Pakar Politik, Ikrar Nusa Bakti, mengungkapkan kekhawatirannya bahwa Mahkamah Konstitusi (MK) tidak independen dalam menangani sengketa Pemilu 2024. Ia menyatakan bahwa MK telah menerima permohonan uji materi atau judicial review terhadap Undang-Undang Nomor 7 tahun 2017 tentang Pemilihan Umum yang berkaitan dengan batas usia calon presiden dan calon wakil presiden.
Menurut Ikrar, MK adalah lembaga pengadilan tertinggi yang memutuskan apakah suatu undang-undang bertentangan dengan konstitusi (UUD RI 1945) atau tidak. MK juga bertugas mengadili kasus-kasus yang terkait dengan sengketa pemilu presiden, pemilu legislatif, DPD, dan kepala daerah. Ia khawatir bahwa jika keputusan MK tentang siapa yang menjadi calon presiden/wakil presiden dipertanyakan banyak orang, maka bagaimana MK dapat dipercaya untuk memutuskan kasus-kasus pemilu di masa depan.
Ikrar juga menyebut bahwa banyak pakar hukum yang mempertanyakan keputusan MK tentang batas usia calon presiden dan calon wakil presiden. Ia mengungkapkan keheranannya mengapa gugatan yang sama sebelumnya ditolak, namun gugatan terkait umur calon presiden/wakil presiden yang baru-baru ini diputuskan oleh MK diterima. Menurut Ikrar, jika isi gugatan tersebut berasal dari mahasiswa, apakah mereka benar-benar ingin menjadi wakil presiden? Ia menyebut hal ini tidak masuk akal.

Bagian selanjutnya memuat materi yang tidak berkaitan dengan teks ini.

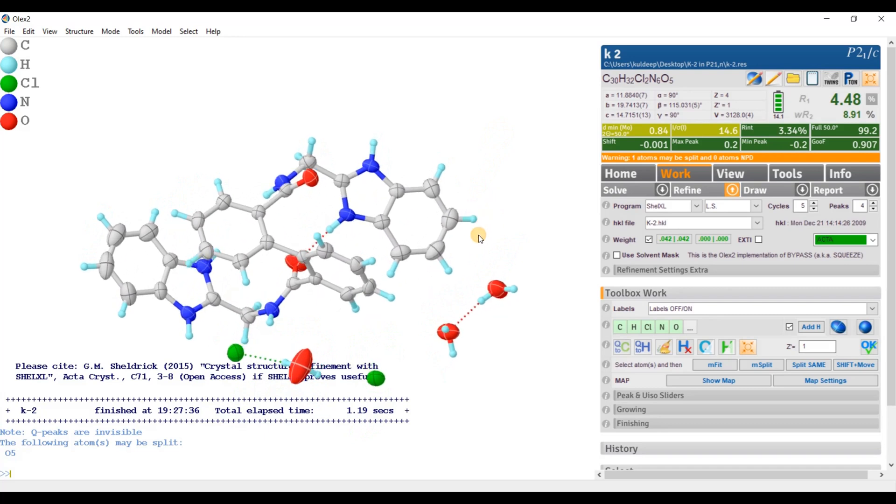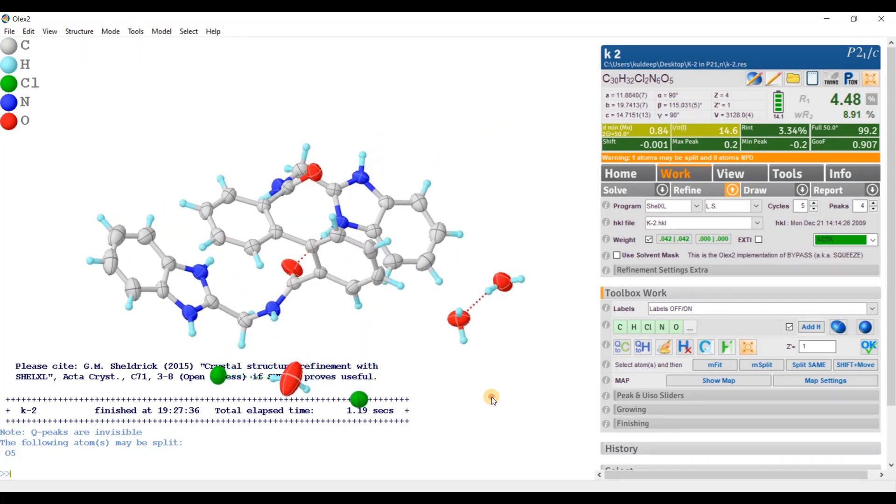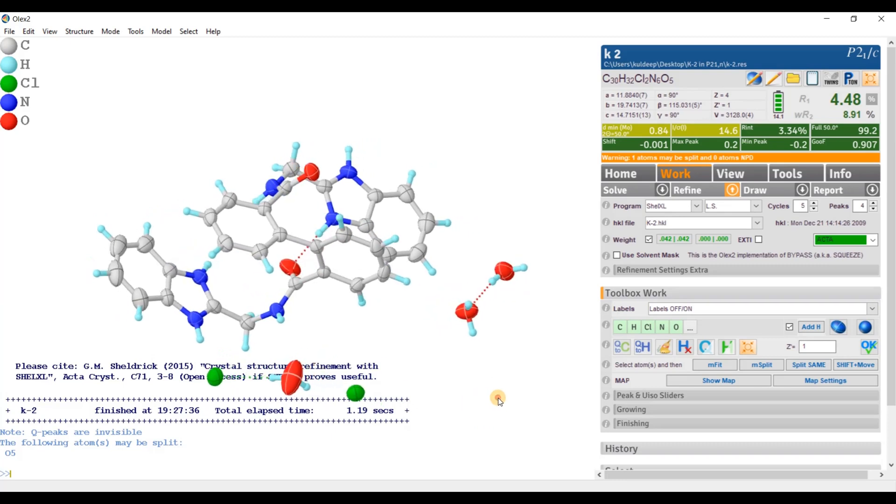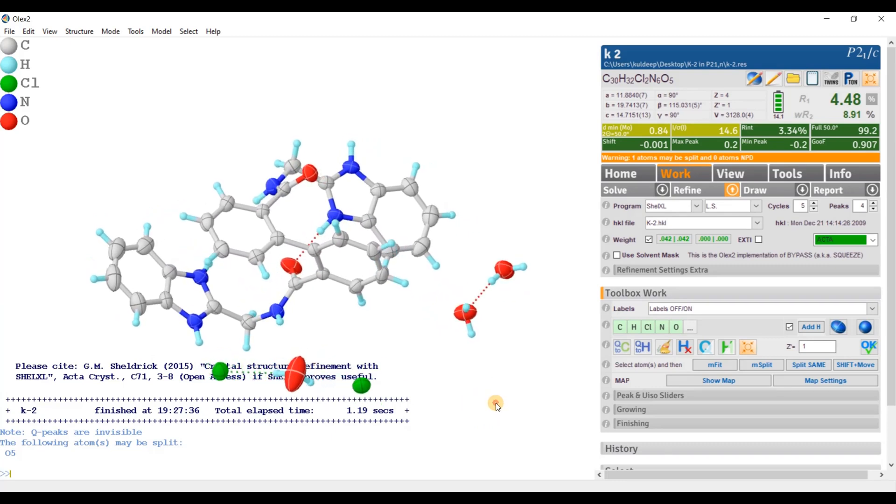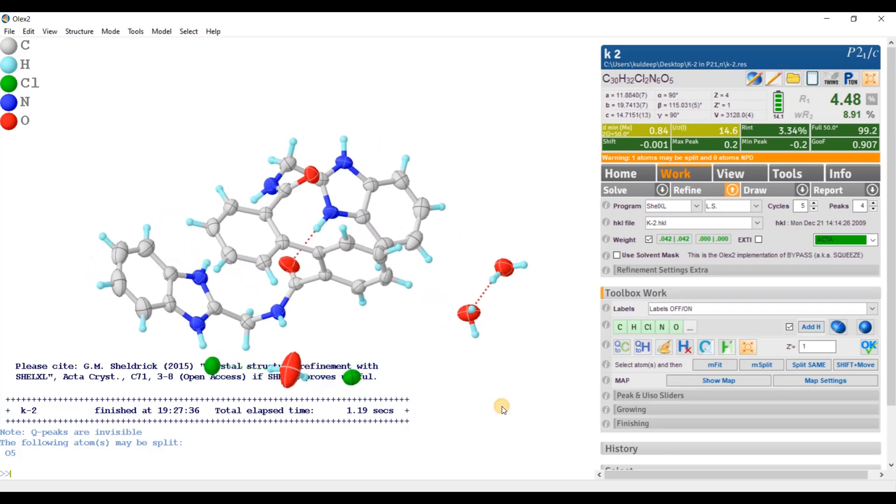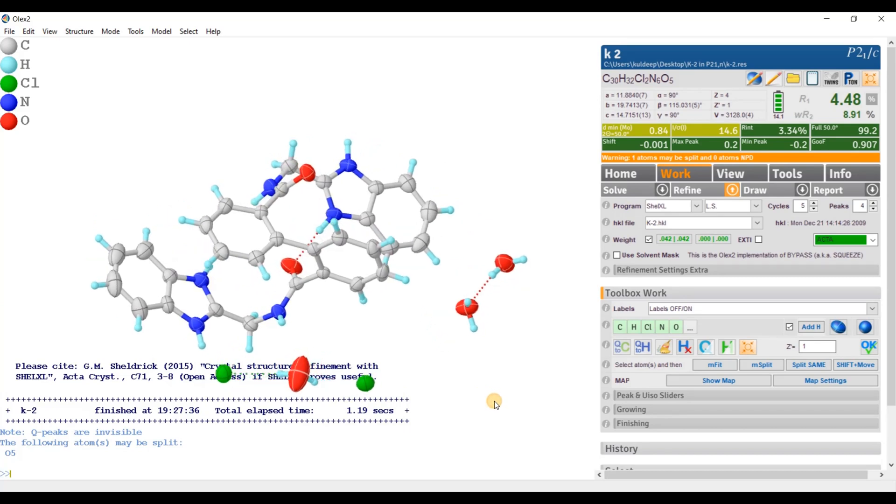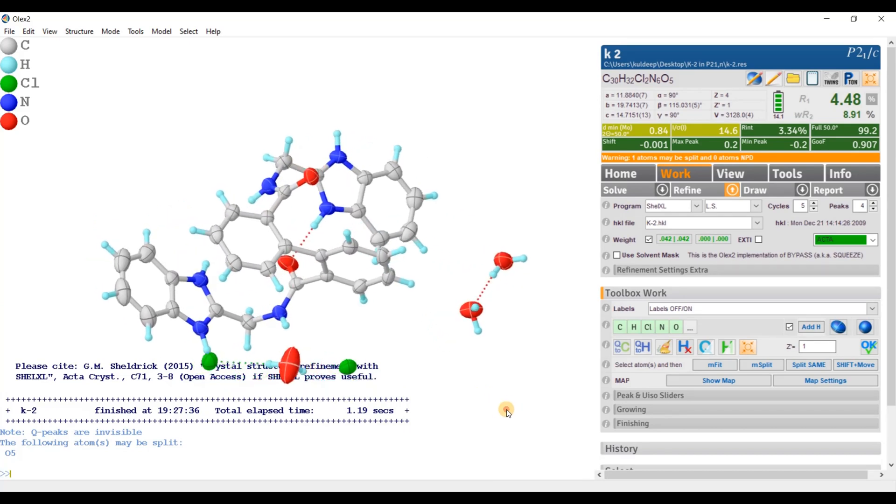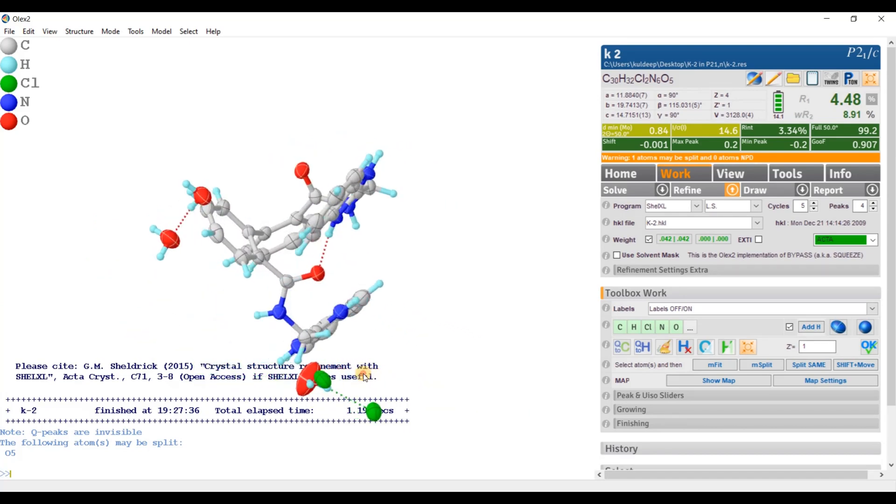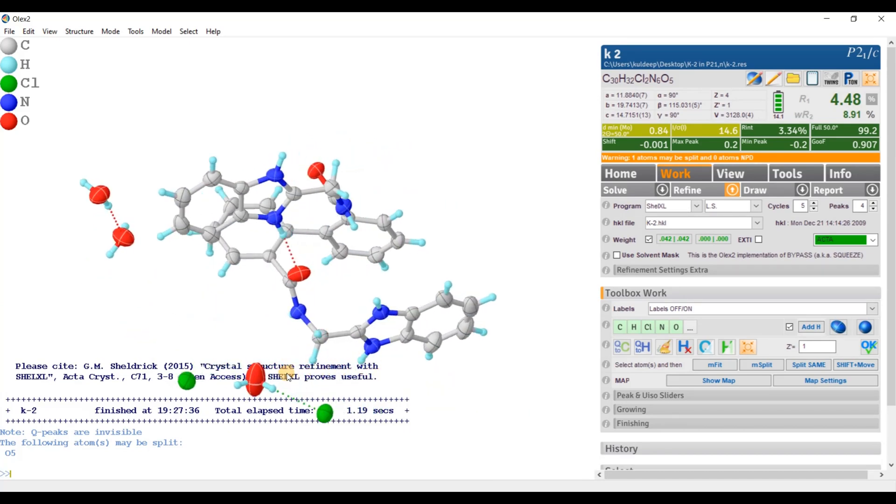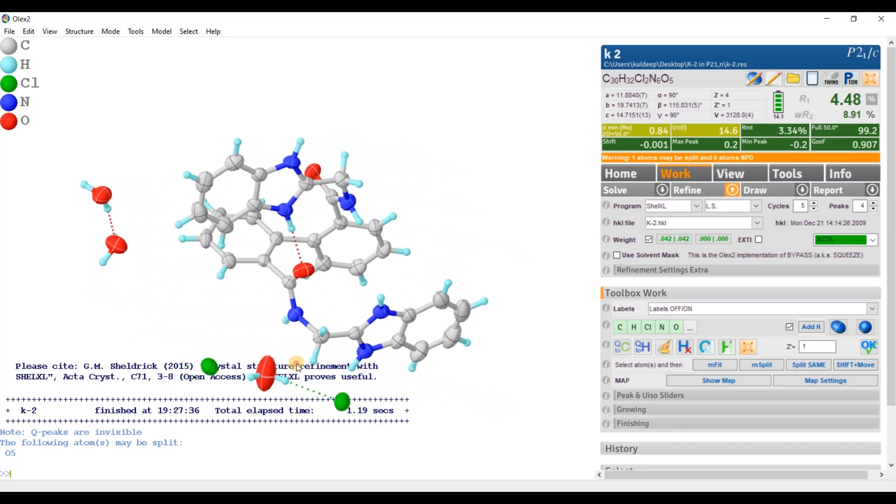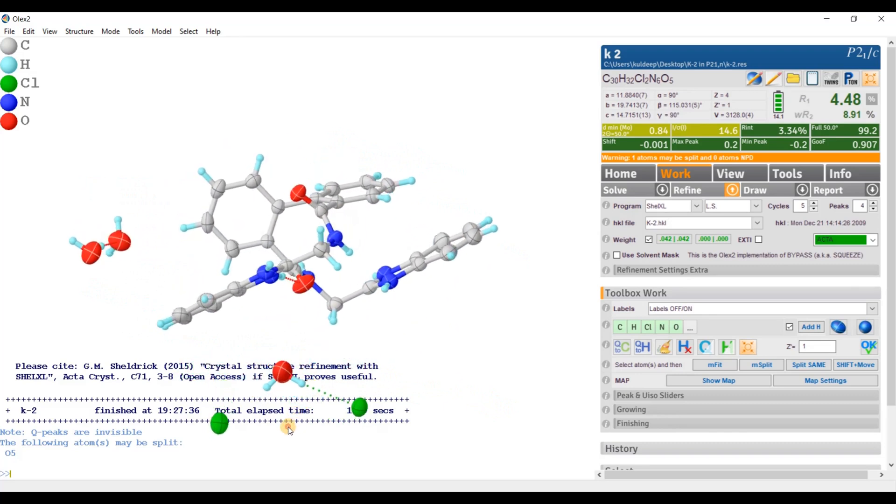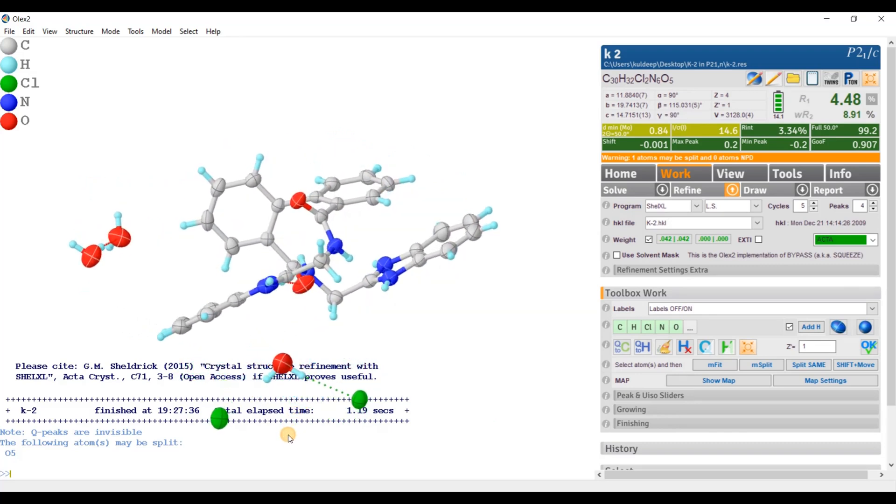Okay. Now come to the second point. Second point of the tutorial: by using the AdSym again to find out the missed symmetry. I am taking an example of molecule in space group CC.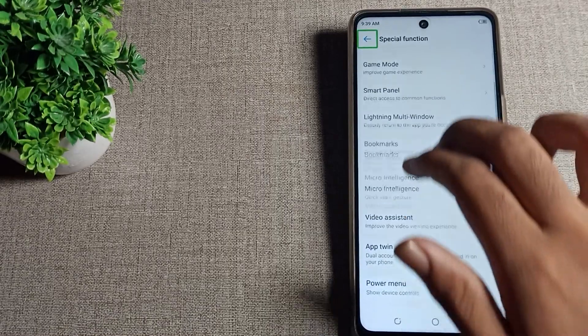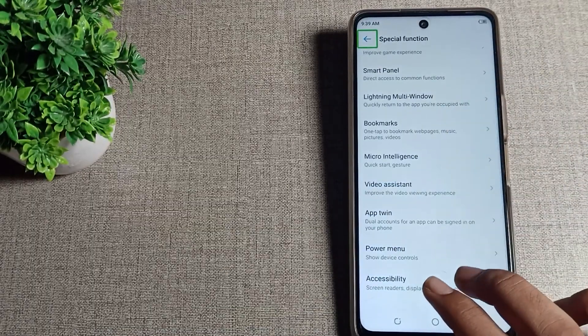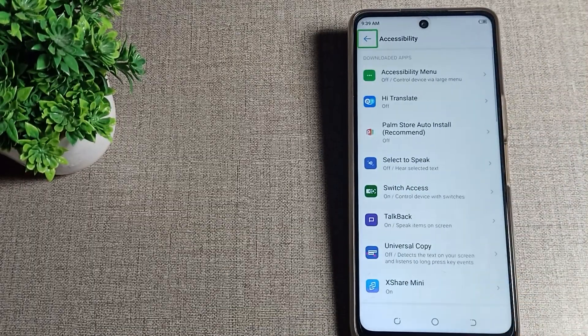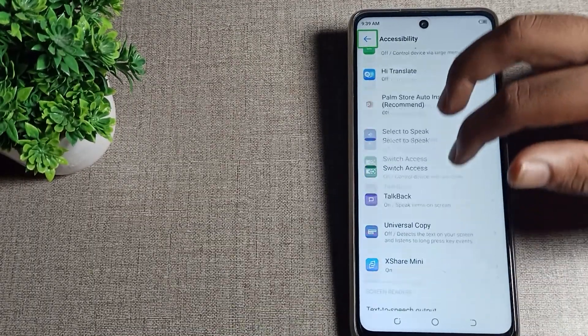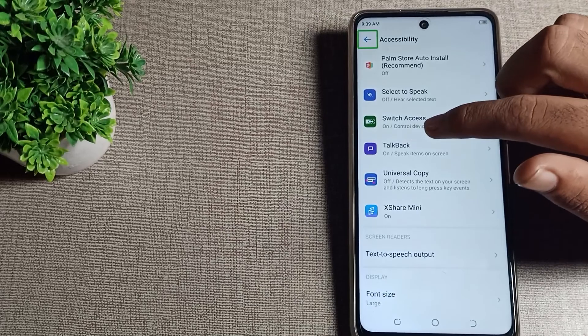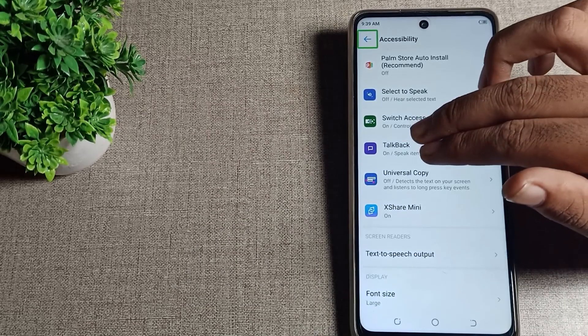In Special Function, scroll again. You can see Accessibility, tap here. Scroll to TalkBack.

Ia juga menyoroti bahwa putusan MK yang mengabulkan batas usia calon presiden dan calon wakil presiden tersebut dapat disebabkan oleh kepentingan politik yang menginginkan Wali Kota Solo, Gibran Rakabuming Raka, maju sebagai calon Presiden dalam Pemilu 2024. Gibran yang merupakan putra sulung dari Presiden Joko Widodo (Jokowi) tidak memenuhi syarat minimal usia 40 tahun. Namun, MK memutuskan bahwa batas usia calon presiden dan wakil presiden tetap 40 tahun, kecuali jika yang bersangkutan memiliki pengalaman sebagai kepala daerah. Ikrar juga menyoroti hubungan keluarga antara Ketua MK, Anwar Usman, dengan Gibran, yang merupakan paman dari Gibran.
Ikrar berharap agar demokrasi di Indonesia semakin matang dan dapat dicapai dalam Pemilu kesembilan sejak reformasi. Pemilu 2024 merupakan pemilu keenam sejak reformasi. Ikrar mengungkapkan bahwa akan ada tiga pemilu lagi sehingga demokrasi di Indonesia dapat benar-benar bersifat substansial dan matang.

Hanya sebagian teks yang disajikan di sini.